1) Caso equatoriano. levaram ao CG, jogador presente, Lica presente. Proposta de aquisição de 100% por 350 mil dólares. Vamos pesquisar, jogador bom de seleção, estava no Palmeiras, Santos sem muito dinheiro e pagamento parcelado. Vamos ficar? Maravilha. Para o nosso espanto, o relatório da CF mostra que aprovamos 350 mil euros por 50%. Foi motivo de reunião, comentei que erramos e corrigiríamos. Nós do CG chegamos no Peres e dissemos que não foi aprovado e que tinha erro. No português claro, impossível errar com CNPJ, nome, empresa. Haja erro. Ou é erro é tentativa de roubo. Peres falou que estava chamando de ladrão, disse que não, mas que leva a crer que está errado e o CG quer a cabeça de alguém. Peres deu a cabeça de uma pessoa. Do gerente jurídico (Daniel Bycoff). Pensei muito se ia comentar isso. Mas faço questão de proteger, vou dar esse direito. Conversei com ele e falei da demissão pela suspeita.

2) México: foi colocado pelo presidente dos amistosos, 100 mil dólares por jogo, e não recebemos nada… É um caso bom para ver a falta de consideração. O CG tem um grupo no Whatsapp para discutir as coisas. E diferente de tudo que falam de atraso, votamos em três minutos e anexamos. Peres colocou para falarmos de quem queria chefiar. José Carlos de Oliveira falou que gostaria de ir. CG vota e Zé Carlos de acordo. Peres entra e fala que quem vai é o Pedro Doria. Pera aí, você está de brincadeira? Pergunta quem quer ir, votamos e fala que não? Votação unânime! Ele falou que veta e quem vai é o Pedro. É idiotice, mas é para vocês sentirem.
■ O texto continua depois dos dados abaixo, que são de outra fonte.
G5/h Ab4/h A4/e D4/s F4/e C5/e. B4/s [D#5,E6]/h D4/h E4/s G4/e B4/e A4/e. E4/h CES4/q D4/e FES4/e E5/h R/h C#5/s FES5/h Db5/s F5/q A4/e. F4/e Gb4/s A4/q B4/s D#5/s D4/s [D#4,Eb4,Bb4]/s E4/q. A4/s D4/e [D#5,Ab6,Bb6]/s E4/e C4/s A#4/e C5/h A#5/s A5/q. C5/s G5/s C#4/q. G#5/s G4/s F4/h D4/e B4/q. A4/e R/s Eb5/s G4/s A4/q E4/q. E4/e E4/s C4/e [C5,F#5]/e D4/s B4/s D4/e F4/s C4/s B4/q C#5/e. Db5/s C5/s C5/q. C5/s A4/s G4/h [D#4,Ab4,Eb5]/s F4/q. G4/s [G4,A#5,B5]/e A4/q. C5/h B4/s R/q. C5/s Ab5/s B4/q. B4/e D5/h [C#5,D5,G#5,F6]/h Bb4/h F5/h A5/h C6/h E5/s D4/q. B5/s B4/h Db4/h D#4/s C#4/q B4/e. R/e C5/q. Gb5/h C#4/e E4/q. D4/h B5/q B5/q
3) Zeca x Sasha: foi levado ao CG 50% para lá e cá (Internacional), sem comissão, só temos que comprar parte do empresário. Compensava, era barato… Vimos na CF e ninguém aprovou 1,5 mi de luva e 1 milhão e pouco para empresário. Não foi uma decisão colegiada e o que prega o estatuto.

4) Funcionários: quando CG foi composto, uns 20 dias depois da gestão, e contratações políticas já tinham sido feitas. CG foi claro, o que estava feito foi feito, mas foi claro que o CG por estatuto tem que aprovar demissões e contratações. Eu diria que o CG aprovou do Frazão e Rodrigo tão e somente. Mais nenhuma. Ricardo Gomes? Foi imposto um diretor pelo CG. Ninguém foi consultado. Foi tudo feito sem consenso do CG.

5) Se tem órgão que eu adoro é a Comissão Fiscal, salvação do clube. É uma sugestão: por que não colocar um quadrinho dizendo que as decisões não foram aprovadas pelo CG pela ata? É só isso. Isso fere o estatuto. Estatuto que se mude, mas hoje prega que CG tem que ser ouvido. Seria importante para os conselheiros poderem cobrar. Vi a escolha da comissão para administrar o dinheiro do Rodrygo: fico preocupado porque isso demonstra a não clareza da situação financeira do plenário. Vamos administrar o que? Precisamos de 100 e pouco para fechar o ano. É para fechar o ano com despesa corrente. E pode faltar, tem que vender. A gente está vendendo zagueiro, até isso! Não adianta chorar. Única solução a curto prazo é regulamento interno do CG obrigando que todo contrato tem que constar na ata em anexo. Se não tiver, é uma peça juridicamente inválida. Isso vai evitar desvios e roubos. Se toda essa bandidagem tivesse que ter aprovação do CG, não seria feita. 90% daquelas coisas do Modesto não foram. E daqui a dois anos podemos estar iguais, metendo pau no Peres sem acontecer nada. Não é discurso político e nada contra o Peres: ou a gente resolve ou não se sabe.